In an early scene, Harvard student Divya Narendra – the twins’ business backer – asks Zuckerberg about a potential hit application that he was rumoured to have invented in high school. Zuckerberg admits that, yes, he created an MP3 service that worked out people’s tastes in music. Impressed, Narendra asks whether anyone tried to buy it. Zuckerberg says: ‘Microsoft.’
‘Wow,’ says Narendra. ‘How much?’
‘Didn’t sell it,’ shrugs Zuckerberg. ‘Uploaded it for free.’
Narendra looks astonished. ‘For free?’ he sighs. ‘Why?’
That exchange neatly captures the software industry’s IP journey from the wide-eyed innocence of open-source and shareware, to the need for a proprietary approach that can help to sustain businesses.
Later on, after the twins have begun their lawsuit, Zuckerberg protests at what he considers a trivial development. ‘I didn't use any of their code, I promise,’ he tells Saverin. ‘I didn't use anything! Look, a guy who builds a nice chair doesn't owe money to everyone who ever has built a chair, okay? They came to me with an idea. I had a better one.’

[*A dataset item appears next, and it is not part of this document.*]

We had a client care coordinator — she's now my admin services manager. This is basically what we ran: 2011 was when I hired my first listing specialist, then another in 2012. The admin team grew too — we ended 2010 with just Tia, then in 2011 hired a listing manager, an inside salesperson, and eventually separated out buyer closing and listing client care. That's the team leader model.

In those lines, Zuckerberg is touching on questions of obviousness – that what the Winklevoss twins came up with was a sitting duck, and it was up to him to augment their input with his own in order to achieve a truly inventive step. This is the sort of thing that could keep IP lawyers debating well into the early hours.

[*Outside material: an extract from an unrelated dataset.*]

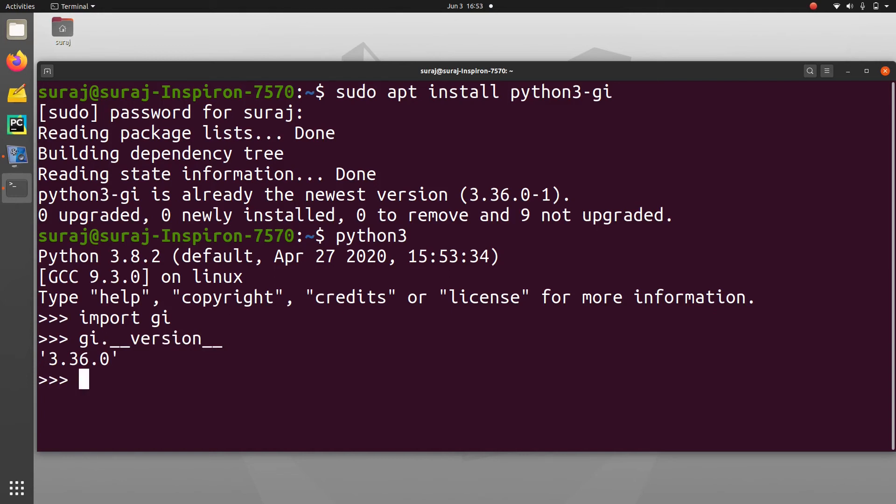That's all for this video. We have installed python3-gi in this tutorial, imported GI, and checked its version.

Like the Doctor Who example, The Social Network also wins points for using IP as a hook for wry humour. When Narendra and the twins are discussing Zuckerberg’s potential infringement of their Harvard Connection site, Cameron Winklevoss asks: ‘What, do you want to hire an IP lawyer and sue him?’
‘No!’ says Narendra. ‘I want to hire the Sopranos to beat him with a hammer!’
It doesn’t get much more sophisticated than this.